-- TASK INPUT --
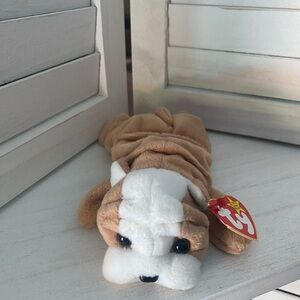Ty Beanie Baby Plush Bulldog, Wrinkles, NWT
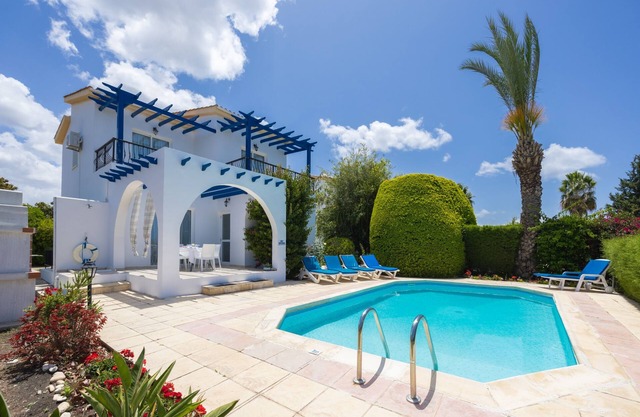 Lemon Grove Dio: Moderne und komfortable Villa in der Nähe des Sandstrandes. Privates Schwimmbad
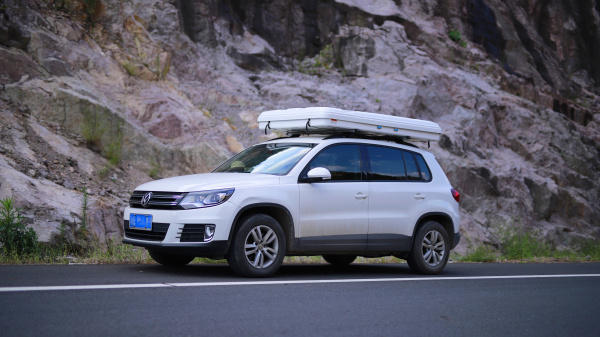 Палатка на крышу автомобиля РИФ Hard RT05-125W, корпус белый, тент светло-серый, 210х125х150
--
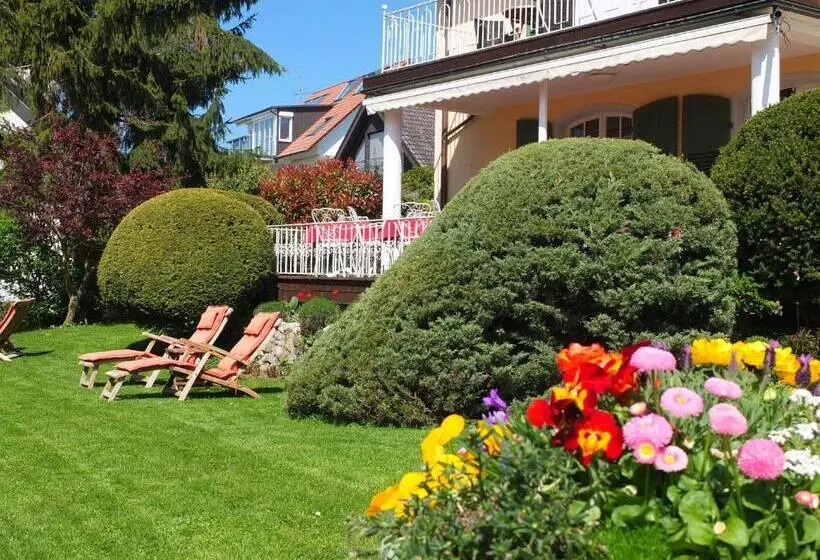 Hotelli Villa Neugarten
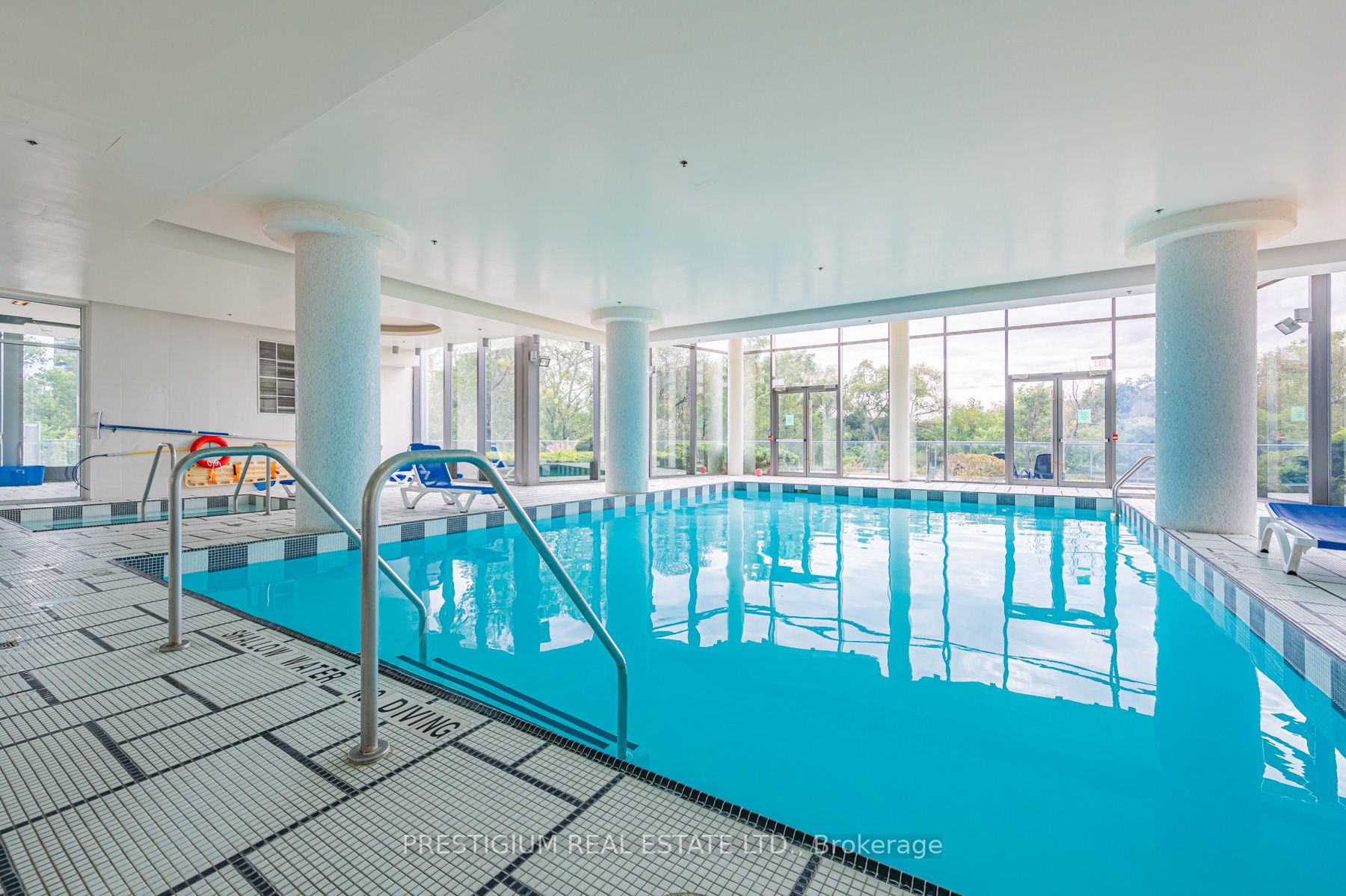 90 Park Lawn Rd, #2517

-- WHAT THE EXERCISE ASKS --
Set down again, word for word, every line from the one with "Lemon Grove Dio: Moderne" to the one with "Палатка на крышу" in the entries above, and omit the pictures.

-- OUTPUT --
 Lemon Grove Dio: Moderne und komfortable Villa in der Nähe des Sandstrandes. Privates Schwimmbad
 Палатка на крышу автомобиля РИФ Hard RT05-125W, корпус белый, тент светло-серый, 210х125х150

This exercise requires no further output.